Oireachtas Joint and Select Committees

Wednesday, 18 January 2017

Joint Oireachtas Committee on the Future Funding of Domestic Water Services

Department of Housing, Planning, Community and Local Government, and Department of Finance

1:30 pm

Mr. John McCarthy:

Mr. Hegarty is from the economic side of the Department and Mr. Culhane is with our statistical unit. I circulated a very short presentation to members. The first slide sets out the background, outlining the rationale for trying to classify Irish Water as off-balance sheet. As members are familiar with this, I do not need to go into it in any great detail. The next slide shows that in July 2015 EUROSTAT took the decision that, for various reasons - the market test, the capping of fees and so forth - Irish Water should be classified within the general Government sector.

It is fair to say that it is unlikely, at least in the short term, that there would be any change to that classification. In this sense, the role of the Department of Finance is twofold: we are responsible for fiscal planning over the short and medium terms - and, to an extent, the long term also - and for taxation policy. From a fiscal planning perspective, the revenue and receipts from Irish Water are included in our latest medium term fiscal projections which were published alongside budget 2017. What would be the fiscal impact should a decision be made to abolish domestic water charges? I have set out our projections on slide 5 for the general Government balance over the period 2017-2021. The actual general Government balance includes approximately 0.1% of gross domestic product, GDP, per annum in the form of additional revenue from domestic tariffs. Members can see what the general Government balance would be if these domestic charges were abolished. The deficit in 2017 and 2018 would be zero percentage points worse and the surplus from 2020 and 2021 would be approximately zero percentage points of GDP lower than we have assumed.

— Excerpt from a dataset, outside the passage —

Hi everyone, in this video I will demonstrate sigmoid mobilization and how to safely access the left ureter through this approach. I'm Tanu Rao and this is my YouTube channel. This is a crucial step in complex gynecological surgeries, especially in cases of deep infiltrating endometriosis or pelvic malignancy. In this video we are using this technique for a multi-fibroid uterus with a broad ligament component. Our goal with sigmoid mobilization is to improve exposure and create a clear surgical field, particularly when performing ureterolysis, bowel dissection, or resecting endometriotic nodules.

I refer to what this means in respect of the fiscal rules, which members are aware are legally binding. We had a referendum on this in 2012 and we have our European requirements also. We corrected the excessive deficit and it was brought below 3% of gross domestic product, GDP, in 2015. We moved out of the so-called corrective arm of the Stability and Growth Pact and are now in the so-called preventive arm, which operates on the principle that prevention is better than cure.

The preventive arm sets targets for both the general government deficit and for general government debt. What does this require? It is government policy that we eliminate the structural deficit by 2018. That is the deficit that would apply if one removed cyclical factors on both the revenue and expenditure sides. On the basis of the projections in the budget, we will just about achieve that by 2018. We are also required to reduce the general government debt to GDP ratio at a sufficient pace, namely to reduce the difference between the actual debt and 60% by five percentage points per annum.

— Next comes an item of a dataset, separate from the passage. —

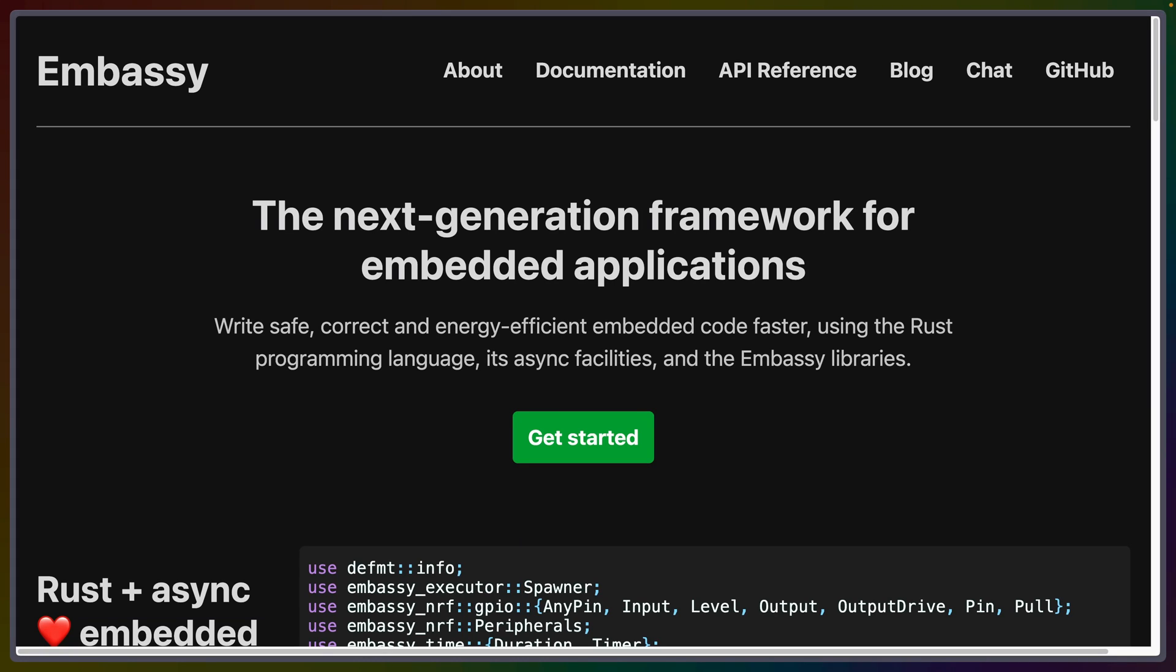Embassy has hit its first stable release on crates.io, which means that embedded development in Rust has hit a fairly significant milestone in my opinion.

The Irish Water business plan was agreed in October 2015 by the Government and it sets out its expenditure over the period. It, of course, requires a revenue stream to fund this. If water charges were to be abolished, a key question from the Department's perspective is whether taxation would be the appropriate mechanism to actually fund a public utility. We do not fund electricity or gas through taxation, even though they are public utilities. There is also the issue of the user pays principle. From an economic perspective - I must stress I am not going into policy which is a matter for the Government - there would be reservations about this.

What does economics tell us about the taxation impact? If water was to be funded from general taxation, we can look at Adam Smith's kinds of taxation. There will be a pool of taxation which might have to be increased to fund this particular revenue stream. Which particular tax head would be targeted? We all know taxes are distortionary and have an impact on economic activity. The insights of the OECD, the Organisation for Economic Co-operation and Development, are relevant in this perspective. The OECD sets out various scenarios on which taxes are the most damaging to an economy in terms of labour market impact, competitiveness and so forth. Equity would be another consideration that would need to be borne in mind. The incidence of the tax also needs to be considered. Who actually pays would be crucial. The final canon is that the overall administrative cost of tax should be low relative to the yield. It does not make sense to introduce a tax in which administrative costs are high if the yield is relatively low.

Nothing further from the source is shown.